OpsOrch Copilot

OpsOrch Copilot is the AI runtime for OpsOrch. It plans tool calls against opsorch-mcp, gathers evidence, and returns structured answers for the Console UI and other clients.

Copilot never talks to OpsOrch Core directly. It only uses the MCP tools layer.

Status

License: Apache-2.0
Runtime: Node.js 20+
Transport: HTTP API
LLM providers: mock, openai, anthropic, gemini

Quick Start

Prerequisites

Node.js 20+
Running opsorch-core instance (port 8080)
Running opsorch-mcp instance (port 7070)

Installation and Startup

cd opsorch-copilot
npm install

# Start with mock LLM (no API key required)
MCP_URL=http://localhost:7070/mcp \
LLM_PROVIDER=mock \
npm run dev

The server will start on http://localhost:6060.

Verify Installation

Health check:

curl http://localhost:6060/health

Expected response: {"status":"ok"}

Make Your First Request

curl http://localhost:6060/chat \
  -H 'Content-Type: application/json' \
  -d '{"message":"What incidents are active right now?"}'

The response includes:

chatId – Conversation identifier for follow-up questions
name – Auto-generated conversation name
answer – Structured answer with conclusion, evidence, and references

Configuration

Core Runtime Settings

Variable	Default	Description
`PORT`	`6060`	HTTP port for the Copilot API
`MCP_URL`	`http://localhost:7070/mcp`	MCP endpoint URL
`LLM_PROVIDER`	`mock`	LLM provider: `mock`, `openai`, `anthropic`, or `gemini`

LLM Provider Settings

OpenAI:

OPENAI_API_KEY (required)
OPENAI_MODEL (optional, default: gpt-4o)
OPENAI_BASE_URL (optional, for custom endpoints)

Anthropic:

ANTHROPIC_API_KEY (required)
ANTHROPIC_MODEL (optional, default: claude-3-5-sonnet-20241022)
ANTHROPIC_BASE_URL (optional, for custom endpoints)

Google Gemini:

GEMINI_API_KEY (required)
GEMINI_MODEL (optional, default: gemini-2.0-flash-exp)

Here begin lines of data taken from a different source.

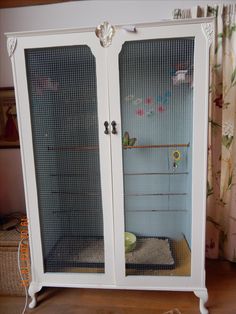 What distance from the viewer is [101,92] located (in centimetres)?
130

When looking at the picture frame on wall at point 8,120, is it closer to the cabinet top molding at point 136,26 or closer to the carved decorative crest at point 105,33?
the cabinet top molding at point 136,26

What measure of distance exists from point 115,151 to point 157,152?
0.93ft

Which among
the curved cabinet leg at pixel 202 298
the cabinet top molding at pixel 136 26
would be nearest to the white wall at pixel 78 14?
the cabinet top molding at pixel 136 26

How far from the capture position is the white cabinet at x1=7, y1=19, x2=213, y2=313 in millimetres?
1276

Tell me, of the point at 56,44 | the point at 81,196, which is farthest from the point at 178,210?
the point at 56,44

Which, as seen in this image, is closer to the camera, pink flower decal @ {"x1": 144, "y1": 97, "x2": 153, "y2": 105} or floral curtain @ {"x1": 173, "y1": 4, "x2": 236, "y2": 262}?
pink flower decal @ {"x1": 144, "y1": 97, "x2": 153, "y2": 105}

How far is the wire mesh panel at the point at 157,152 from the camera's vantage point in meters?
1.30

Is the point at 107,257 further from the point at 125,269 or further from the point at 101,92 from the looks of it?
the point at 101,92

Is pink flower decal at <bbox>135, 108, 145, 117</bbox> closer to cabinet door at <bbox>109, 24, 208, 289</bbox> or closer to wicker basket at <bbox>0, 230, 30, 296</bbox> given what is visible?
cabinet door at <bbox>109, 24, 208, 289</bbox>

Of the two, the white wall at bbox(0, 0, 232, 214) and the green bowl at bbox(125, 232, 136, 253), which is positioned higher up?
the white wall at bbox(0, 0, 232, 214)

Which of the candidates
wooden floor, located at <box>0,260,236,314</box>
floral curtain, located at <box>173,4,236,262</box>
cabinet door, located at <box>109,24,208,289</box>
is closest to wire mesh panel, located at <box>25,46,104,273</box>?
cabinet door, located at <box>109,24,208,289</box>

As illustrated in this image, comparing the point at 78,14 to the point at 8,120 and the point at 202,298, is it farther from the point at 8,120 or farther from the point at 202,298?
the point at 202,298

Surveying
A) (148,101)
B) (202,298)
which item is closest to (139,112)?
(148,101)

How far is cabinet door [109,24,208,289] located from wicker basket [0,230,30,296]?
703 millimetres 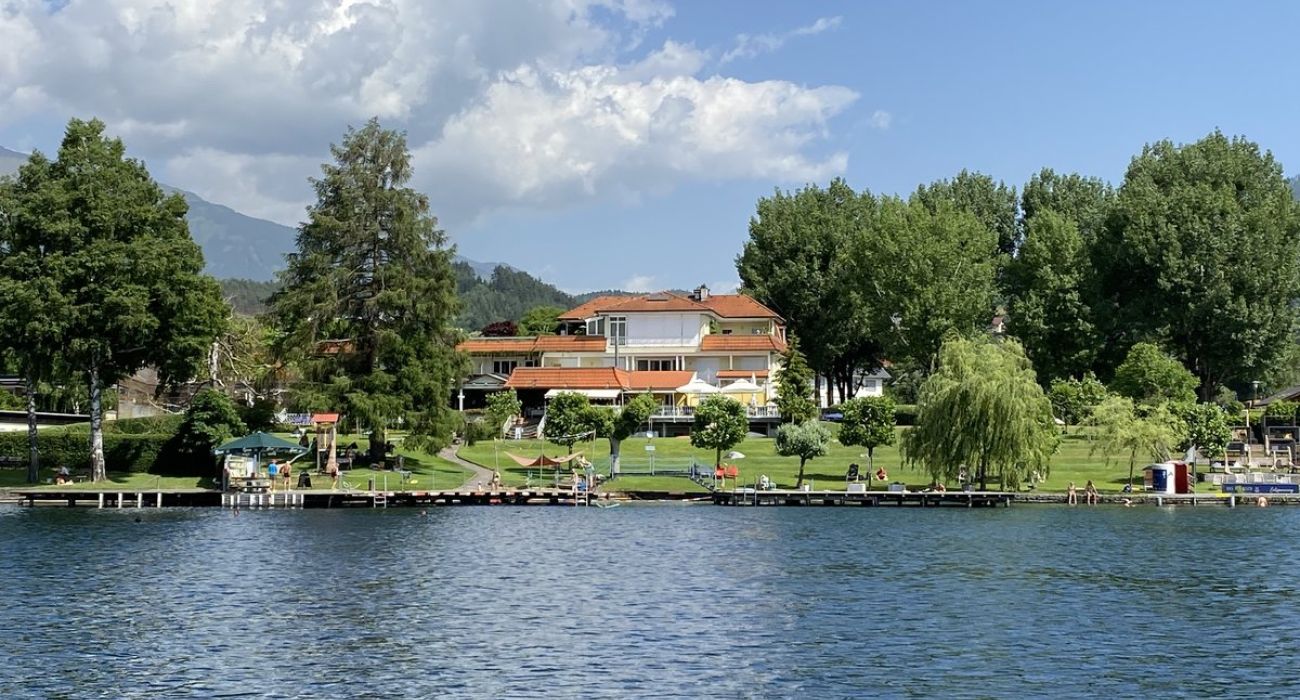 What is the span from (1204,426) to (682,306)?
158 ft

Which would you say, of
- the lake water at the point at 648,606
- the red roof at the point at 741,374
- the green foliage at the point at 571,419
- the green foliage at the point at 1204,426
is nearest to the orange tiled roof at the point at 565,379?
the red roof at the point at 741,374

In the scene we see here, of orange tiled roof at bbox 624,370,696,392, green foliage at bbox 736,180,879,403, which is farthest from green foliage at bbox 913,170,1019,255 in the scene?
orange tiled roof at bbox 624,370,696,392

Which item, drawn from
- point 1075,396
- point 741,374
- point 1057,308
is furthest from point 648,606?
point 741,374

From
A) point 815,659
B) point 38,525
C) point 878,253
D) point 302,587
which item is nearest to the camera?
point 815,659

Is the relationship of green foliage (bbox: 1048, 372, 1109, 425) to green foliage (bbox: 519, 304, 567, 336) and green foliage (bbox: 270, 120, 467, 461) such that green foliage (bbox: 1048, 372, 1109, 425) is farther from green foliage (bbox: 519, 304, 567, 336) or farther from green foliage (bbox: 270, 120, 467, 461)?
green foliage (bbox: 519, 304, 567, 336)

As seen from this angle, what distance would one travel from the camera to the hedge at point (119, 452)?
78.1 meters

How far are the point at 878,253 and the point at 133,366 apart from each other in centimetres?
5541

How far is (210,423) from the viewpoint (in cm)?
7631

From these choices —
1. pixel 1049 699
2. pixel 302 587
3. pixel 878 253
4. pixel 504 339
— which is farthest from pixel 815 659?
pixel 504 339

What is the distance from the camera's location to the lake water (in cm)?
3175

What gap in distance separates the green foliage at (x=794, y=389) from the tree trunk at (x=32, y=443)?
1836 inches

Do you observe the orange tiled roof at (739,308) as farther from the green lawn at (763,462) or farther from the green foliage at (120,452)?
the green foliage at (120,452)

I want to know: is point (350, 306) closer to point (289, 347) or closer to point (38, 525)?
point (289, 347)

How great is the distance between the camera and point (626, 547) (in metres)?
54.9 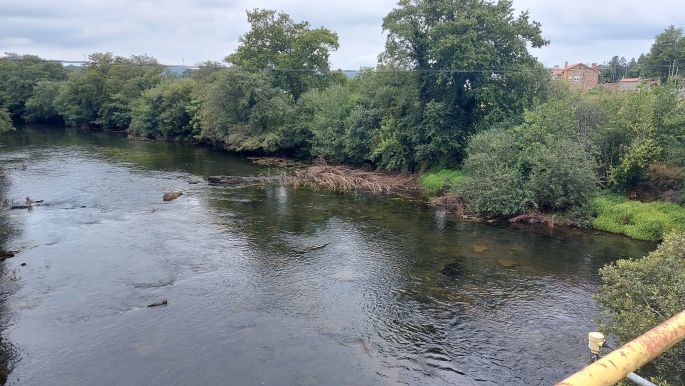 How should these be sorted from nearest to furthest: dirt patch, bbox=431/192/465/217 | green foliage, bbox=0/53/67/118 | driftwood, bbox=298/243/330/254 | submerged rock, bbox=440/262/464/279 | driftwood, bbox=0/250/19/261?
1. submerged rock, bbox=440/262/464/279
2. driftwood, bbox=0/250/19/261
3. driftwood, bbox=298/243/330/254
4. dirt patch, bbox=431/192/465/217
5. green foliage, bbox=0/53/67/118

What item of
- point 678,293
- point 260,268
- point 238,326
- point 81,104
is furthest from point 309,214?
point 81,104

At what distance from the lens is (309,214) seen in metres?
29.6

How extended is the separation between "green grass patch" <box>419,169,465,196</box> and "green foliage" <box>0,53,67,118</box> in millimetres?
73502

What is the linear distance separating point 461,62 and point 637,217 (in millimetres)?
14949

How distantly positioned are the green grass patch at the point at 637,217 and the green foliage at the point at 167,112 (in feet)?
153

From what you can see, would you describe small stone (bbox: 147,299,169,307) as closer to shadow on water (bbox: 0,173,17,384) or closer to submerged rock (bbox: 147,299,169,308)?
submerged rock (bbox: 147,299,169,308)

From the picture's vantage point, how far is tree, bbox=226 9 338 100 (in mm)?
53422

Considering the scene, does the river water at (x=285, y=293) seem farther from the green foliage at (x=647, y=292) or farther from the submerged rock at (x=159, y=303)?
the green foliage at (x=647, y=292)

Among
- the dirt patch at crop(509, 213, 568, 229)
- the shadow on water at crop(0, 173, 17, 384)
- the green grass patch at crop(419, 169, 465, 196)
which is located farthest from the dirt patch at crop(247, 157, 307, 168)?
the dirt patch at crop(509, 213, 568, 229)

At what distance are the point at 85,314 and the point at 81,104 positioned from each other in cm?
6770

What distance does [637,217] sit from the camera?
25672 millimetres

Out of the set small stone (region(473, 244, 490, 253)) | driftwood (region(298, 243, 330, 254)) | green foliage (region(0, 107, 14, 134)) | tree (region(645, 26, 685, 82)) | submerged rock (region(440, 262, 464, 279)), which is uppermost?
tree (region(645, 26, 685, 82))

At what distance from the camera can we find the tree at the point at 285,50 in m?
53.4

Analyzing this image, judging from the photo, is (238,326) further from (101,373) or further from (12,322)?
(12,322) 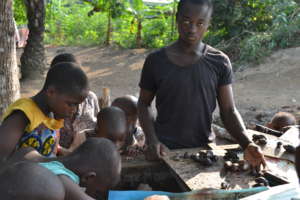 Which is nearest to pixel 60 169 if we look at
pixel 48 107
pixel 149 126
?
pixel 48 107

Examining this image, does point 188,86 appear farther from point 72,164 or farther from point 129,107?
point 72,164

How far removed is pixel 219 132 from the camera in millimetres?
3461

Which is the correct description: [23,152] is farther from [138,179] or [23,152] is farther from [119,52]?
[119,52]

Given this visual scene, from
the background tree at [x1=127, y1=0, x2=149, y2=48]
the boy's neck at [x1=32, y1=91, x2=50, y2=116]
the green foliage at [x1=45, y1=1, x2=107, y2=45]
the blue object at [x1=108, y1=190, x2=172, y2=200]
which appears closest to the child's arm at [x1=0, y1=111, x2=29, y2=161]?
the boy's neck at [x1=32, y1=91, x2=50, y2=116]

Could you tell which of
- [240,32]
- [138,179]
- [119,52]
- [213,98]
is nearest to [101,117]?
[138,179]

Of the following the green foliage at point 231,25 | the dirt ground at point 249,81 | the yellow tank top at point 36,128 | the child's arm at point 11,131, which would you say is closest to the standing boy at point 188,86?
the yellow tank top at point 36,128

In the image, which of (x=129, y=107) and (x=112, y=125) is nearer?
(x=112, y=125)

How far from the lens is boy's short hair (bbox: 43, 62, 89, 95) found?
2.02m

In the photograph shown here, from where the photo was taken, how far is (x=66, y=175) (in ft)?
5.28

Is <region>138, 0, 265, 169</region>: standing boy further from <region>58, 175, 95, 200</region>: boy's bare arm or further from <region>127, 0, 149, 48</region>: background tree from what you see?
<region>127, 0, 149, 48</region>: background tree

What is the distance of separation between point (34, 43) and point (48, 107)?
7.36 metres

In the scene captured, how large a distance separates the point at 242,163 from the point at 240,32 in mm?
8836

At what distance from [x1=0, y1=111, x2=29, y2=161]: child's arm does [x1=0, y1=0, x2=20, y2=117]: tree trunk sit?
96.0 inches

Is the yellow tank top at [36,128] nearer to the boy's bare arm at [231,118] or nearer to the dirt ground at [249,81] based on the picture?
the boy's bare arm at [231,118]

Conversation Storage Settings

Variable	Default	Description
`CONVERSATION_STORE_TYPE`	`memory`	Storage backend: `memory` or `sqlite`
`SQLITE_DB_PATH`	`./data/conversations.db`	SQLite database file path (when using `sqlite`)

What Copilot Does

Copilot answers operational questions by orchestrating MCP tool calls and synthesizing evidence:

Incident Analysis – Retrieve recent/impactful incidents with context including related PagerDuty alerts, linked Jira tickets, and nearby logs/metrics
Incident History – Explain incident changes and timelines, e.g., "What triggered the severity escalation?"
Pattern Detection – Find similar incidents, e.g., "Has this service had similar incidents recently?"
Signal Correlation – Correlate metrics, e.g., "Is the p95 latency spike correlated with CPU, memory, or traffic?"
Root Cause Analysis – Match error signatures to past incidents and identify likely causes
Deployment Correlation – Correlate incidents with recent deployments and code changes
Service Dependencies – Discover service relationships and dependencies
Team Context – Identify on-call teams and escalation paths
Messaging Integration – Share findings via Slack or other messaging tools when needed

Question Coverage Examples

Basic Understanding:

Summarize an incident
Note changes right before incident start
Infer likely root cause from logs/metrics
Correlate with recent deployments
Pull last N minutes of related logs

Context & Relationships:

List dependent services
Find similar incidents for a service
Relate to earlier incidents
Identify severity escalation triggers

Causal Analysis:

Match error signatures to past incidents
Correlate latency spikes with CPU/memory/traffic
Distinguish DB vs network vs code issues
Compare against prior failures

Metrics:

Explain CPU spikes and latency anomalies
Surface metric anomalies for a service in a time window
Identify pods/nodes contributing most errors

Logs:

Query 500 errors for a service over a time window
Extract dominant error patterns
List IPs with most failed requests
Flag unusual log patterns

Correlation:

Align logs and metrics for a service
Test hypotheses like memory leaks
Find earliest signals of degradation

Stack and Boundaries

OpsOrch Copilot is part of a layered architecture:

UI Layer – opsorch-console (Next.js web UI)
AI Runtime – opsorch-copilot (this repo) – LLM prompts, reasoning, tool orchestration
Tools Layer – opsorch-mcp – Typed MCP tools wrapping Core APIs
Core Layer – opsorch-core – Source of truth for incidents, logs, metrics, services, tickets, messaging
Adapters – Provider-specific adapters (PagerDuty, Datadog, Jira, Slack, etc.)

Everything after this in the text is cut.